A repeated root of a polynomial is a root of its derivative. So we want to find $a$ such that $g = \gcd(x^4 - x^2 - a x+2, 4 x^3 - 2x - a) \neq 1$.
Taking $4$ of the left and $-x$ of the right, as well as the right, we have $$ g = \gcd(-2x^2-3ax+8, 4 x^3 - 2x - a ) \text{.} $$ Taking $2x$ of the left and $1$ of the right, as well as the left, we have $$ g = \gcd(-6ax^2+14x-a, -2x^2-3ax+8) \text{.} $$ Taking $1$ of the left and $-3a$ of the right, as well as the right, we have $$ g = \gcd(9a^2x+14x-25a, -2x^2-3ax+8) \text{.} $$ We started with two polynomials equal to zero and have constructed sums of multiples of them. Since sums of multiples of zeroes are zero, we solve the left of these: from $9a^2x+14x-25a = 0$, $x = \frac{25a}{9a^2 + 14}$. Notice this new denominator is always positive. We substitute this into the right member of our most recent pair of polynomials to find $$ \frac{27a^4 + 284a^2 - 1568}{9a^2 + 14} = 0 \text{.} $$ Since the denominator is always positive, this is zero only when the numerator is zero. By applying the quadratic formula, we find $a^2 = 4$, so $a = \pm 2$ or $a^2 = \frac{-392}{27}$, so $a = \pm \frac{14 \mathrm{i} \sqrt{2}}{3\sqrt{3}}$. There is no sensible meaning of "maximum" if we allow $a$ to be non-real, so we restrict to $a = \pm 2$.
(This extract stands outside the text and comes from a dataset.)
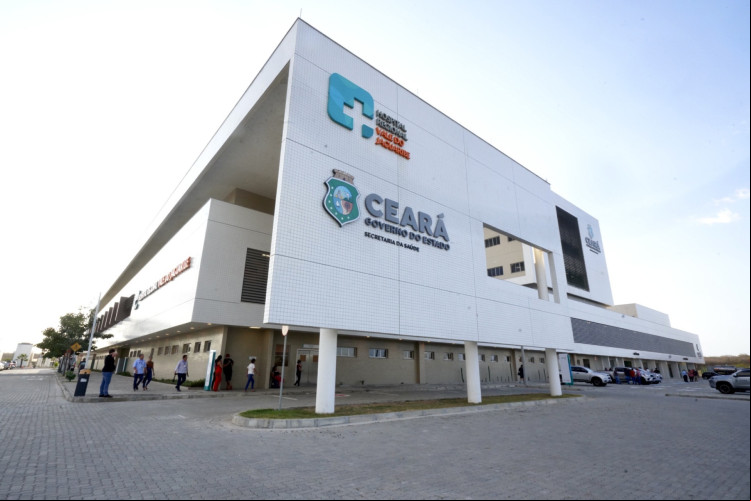Fachada do hospital Hospital Regional Vale do Jaguaribe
Continuing our GCDs, \begin{align*} g_{a = 2} &= \gcd(50x-50,-2x^2-6x+8) \\ &= \gcd(50x-50, x(50x-50) + 25(-2x^2-6x+8)) \\ &= \gcd(50x-50, -200x+200) \\ &= \gcd(50(x-1), -200(x-1)) \\ &= 50(x-1) \text{.} \end{align*} So when $a = 2$, the double root occurs at $x = 1$. Here, $f''(1) = -10$, so this is a local maximum. The first derivative has one other zero at the real root of $3x^3+x^2+1$ (the factor of the numerator of $f'$ left after the factors $-2$ and $x-1$), but the second derivative is positive there, so this corresponds to a local minimum. The only other potential critical point is any zero of $x^4 - x^2 + 1$, but this has no real roots, so there are two critical points, we have characterized them, there is one local maximum, and it is necessarily the global maximum, $\left.f(1)\right|_{a = 2} = 1$.
The analysis for $a = -2$ parallels the above, with maximum $1$ occurring at the critical point $x = -1$.
On
$$f(x)=\frac{ax-1}{x^4-x^2+1}\implies f'(x)=\frac{a \left(-3 x^4+x^2+1\right)+4 x^3-2 x}{\left(x^4-x^2+1\right)^2}$$
So, we need $$a \left(-3 x^4+x^2+1\right)+4 x^3-2 x=0\tag 1$$ for an extremum and $$a x-x^4+x^2-2=0\tag 2$$ to have the maximum value of $1$.
From $(2)$,we can get $a=\frac{x^4-x^2+2}{x}$. Plug it in $(1)$ to have $$3 x^8-4 x^6+2 x^4+x^2-2=(1-x) (x+1) \left(3 x^2+2\right) \left(x^4-x^2+1\right)=0$$ So, the only real roots are $x=\pm 1$ to which correspond $a=\pm 2$.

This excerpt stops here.